Same problem. I am broke.

I have no money for bait right now, or to be driving back and forth, even the 12 miles to Corvallis.

I guess it is three males who need caught over there on 13th, including that big Siamese. And the tabby male roaming in and out on 15th. There's the tabby on white roaming over on 14th and Walnut and Maple, too. I need to take the time to snag these problem males. It doesn't help to talk to people about FIV. Doesn't make them get off their butts and join in this fight, even when it's their cat in danger and endangering other cats. I don't know why.

Guess I've had it. Guess I'm tired of fighting this fight alone.

Guess I'm tired of giving myself and my time away. Guess I wish somebody would give back, maybe help me fix my car, the mirror, the wiper problem, anyhow. The struggle continues.

Joy is getting some needed help with that very sick kitten from a rescue group who also are going to take in a couple of the young males who are tame. She asked if she should do it, accept their help, and I said "Hell yes". The group comes with a veterinarian recommendation.

I watched a movie a couple months back called "Into the Void". It is a re-enactment of a true story. Two ice climbers climb a remote peak. Before that, they hook up with a non climber, who they invite to join them. However, he does not accompany them on the peak attempt. It is a difficult peak, more difficult than they imagined. On the descent, one climber breaks his leg. He understands his friend will likely leave him there, or they both will die. But his friend begins the impossible task of slowly lowering him down the mountain. But on one such leg, the man with the broken leg is lowered off a cliff. His friend has no idea he has been lowered into a void and holds fast his position at the other end of the rope, hoping to feel his friend's tug on the rope, to signal he is fastened to the ice, and he can then climb down to lower him farther. The tug never comes. After a great length of time, the uninjured climber is pulled down the mountain and can no longer maintain his hold. He makes a decision to cut the rope. He knows his friend will die. But should they both die?

The injured climber falls, crashing through an ice layer into a crevice. The other climber continues down, through a glacier field laced in crevices, then across a boulder field, where the snow is gone, and finally to their base camp. He tells the man who had joined them that his friend is dead.

But the inured is not dead and makes his way through the crevice he fell into, pulling himself along with his arms and hands. He makes it out finally and down the glacier, weaving in between the crevasses, following his friends footsteps until snow obscures them. This is slow and terribly painful. He makes small goals for himself and gives himself a set amount of time,to go say twenty feet. He is dehydrated and in terrible pain.

Days go by. The two men at the base camp determine they must leave. They burn the other mans' clothes in a symbolic goodbye and prepare to depart.

The injured man is now in the boulder field which is very hard to navigate with a broken leg. He is starving. He confesses to enjoy the feeling of urinating on himself, and that everything has broken down. He knows he is going to die. A song he doesn't even like bangs through his head constantly and he can't escape it.

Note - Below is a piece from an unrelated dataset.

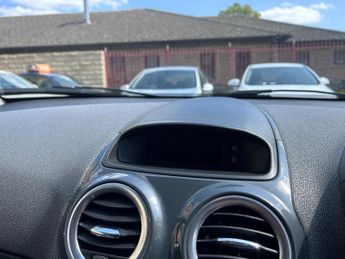 Vauxhall Corsa 1.4 16V SE Euro 5 5dr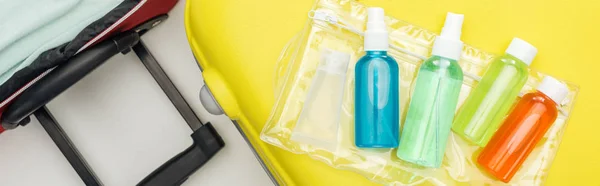 Tiro panorâmico de saco cosmético e garrafas com líquidos no saco de viagem — Fotografia de Stock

During his terrible ordeal, the thing he wants most is not so much to live as he wants to not die alone. He longs to be held in someone's arms and comforted.

He hops one step and falls, on his broken leg, throughout the boulder field traverse. He finally is in and out of delirium. It's been four long days since the rope was cut, but comes to with a sharp acrid smell, which is the smell of his own base camps latrine area. He realizes this and calls out for his climbing partner.

It is the other man who awakens in the night to the sound. He does not think it could possibly be a living being calling out like that. He thinks it must be the dead man's ghost. But when the injured man's climbing friend hears it, he knows who it is and races out to find him. And when he does, he holds him in his arms and comforts him.

That is what I came away from that movie remembering, what that injured climber longed for most and when he got it, how it felt to him.

I think that might be what most people want when they are experiencing terrible difficulties, terminal illnesses, losses, injury, pain, fear--to be held and comforted.

I remember watching the series "The Pacific" and how one soldier lost his humanity during the brutal battles, the deaths and maiming of friends, the constant deluge of rain and muck and illness the soldiers endured. He came to hate the Japanese and look forward to killing them. A blast hit a hut one day. He and his friend were looking through it afterwards. There were bodies, but one old woman was alive. She pointed to her intestines, hanging out of her body, then took the end of his rifle and put it in her mouth, motioning for him to shoot her.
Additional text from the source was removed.